Years, Oscar wins, Broadway musicals and a sequel later, it is still a hill that I would die on. We give “Frozen” the love and the praise for its music and story and relationships and twists, but everything that it did, “Tangled” did first and better. For starters, the core story structure of the movie is essentially the same. Don’t believe me? Let’s walk and talk. The rebellious but cheerful shut-in gets the chance to break free of her lonely existence and goes on a journey of self-realization with the help of a reluctant and attractive but trustworthy stranger. Yada yada yada, things go wrong, someone dies, and is ultimately saved via love and magic tears. There are some other differences here and there, but save those for the semantics dome, E.B. White. 

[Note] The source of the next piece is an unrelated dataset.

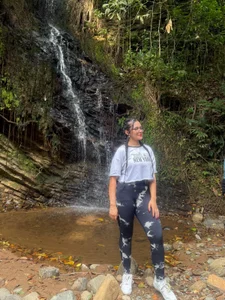 Connection with nature🌿🌿 od EmmaCurvyy  2 snímek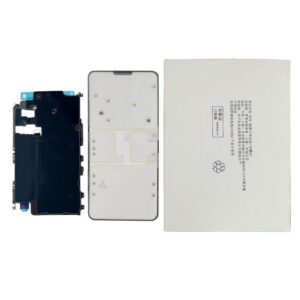 Bateria iPhone 17 Pro Max  Original Service Pack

I know, I know I have yet to convince you that Tangledis the superior movie, so let me break it down. First, let’s talk villains. A truly good villainous character is something that is hard to grasp (just look at literally any Marvel movie that isn’t “Black Panther”), and this is something “Tangled” accomplishes leaps and bounds over “Frozen”. In the battle of Mother Gothel vs. Prince Hans, Gothel would win in a landslide. Gothel was a legitimately terrifying power addict who successfully manipulated and tore down her surrogate daughter so much that she didn’t disobey her for 18 years. Gothel was so addicted to power and being young and beautiful (Jay Gatsby would never) that she straight up kidnapped a kid! What was Hans’ motivation? “I have so many brothers and I want a crown.” Were they both manipulative jag weeds? You bet. But Hans’s manipulation lasted a week, whereas Gothel kept hers going for years. 

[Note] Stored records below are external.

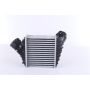 NISSENS 96176 Turbocharger Intercooler
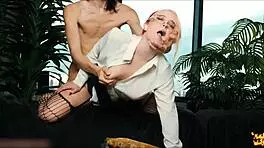 Everyone Saw Boyfriend Fucking Me In Zoom! Mollyredwolf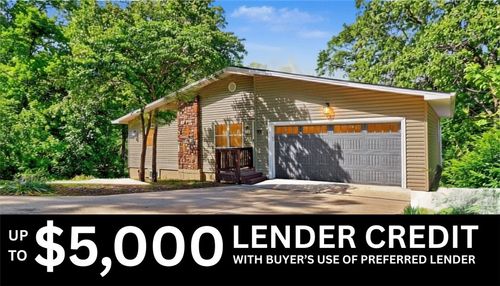 10 Orr Ln, Bella Vista, AR, 72715-8722 | Card Image
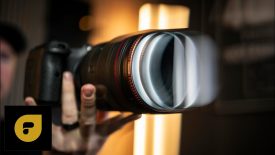 CineFlow Filter How to Cook with it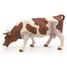 Figurine Vache Simmental broutant PA-51147 Papo 4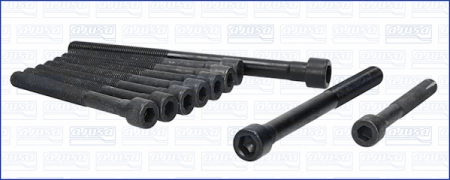 Set suruburi chiulasa potrivit HYUNDAI COUPE I, COUPE II, ELANTRA III, ELANTRA IV, HIGHWAY, I30, LANTRA II, MATRIX, TIBURON, TRAJET, TRAJET/MINIVAN, TUCSON, TUCSON/SUV 1.6-2.0LPG 11.95- [2]
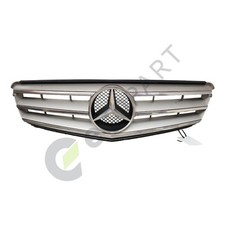 MERCEDES C-CLASS MK3 W204 Front Grille 245200001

The truth is, we think of Hans as such a good villain because of his twist ending. Until the last thirty minutes, the villain was the smarmy Duke of Weaselton and Elsa’s hubris, I guess? I will admit I love a nice shock and twist ending as much as  the next guy, but those twists need to be earned. Han’s motivation that he wanted a throne because he couldn’t get the ones his brothers had just doesn’t cut it. What it does do is serve as a great subversion of expectations on the traditional Disney format (the prince who the princess meets with love-at-first-sight is actually the villain and those love-at-first-sight songs are shallow) and I think this is why we remember Hans so fondly. But a decent twist does not a great villain make. We knew Gothel was evil and addicted to power within the first five minutes of the movie and that only made her relationship with Rapunzel and Rapunzel’s inability to pull away from her all the more tragic. 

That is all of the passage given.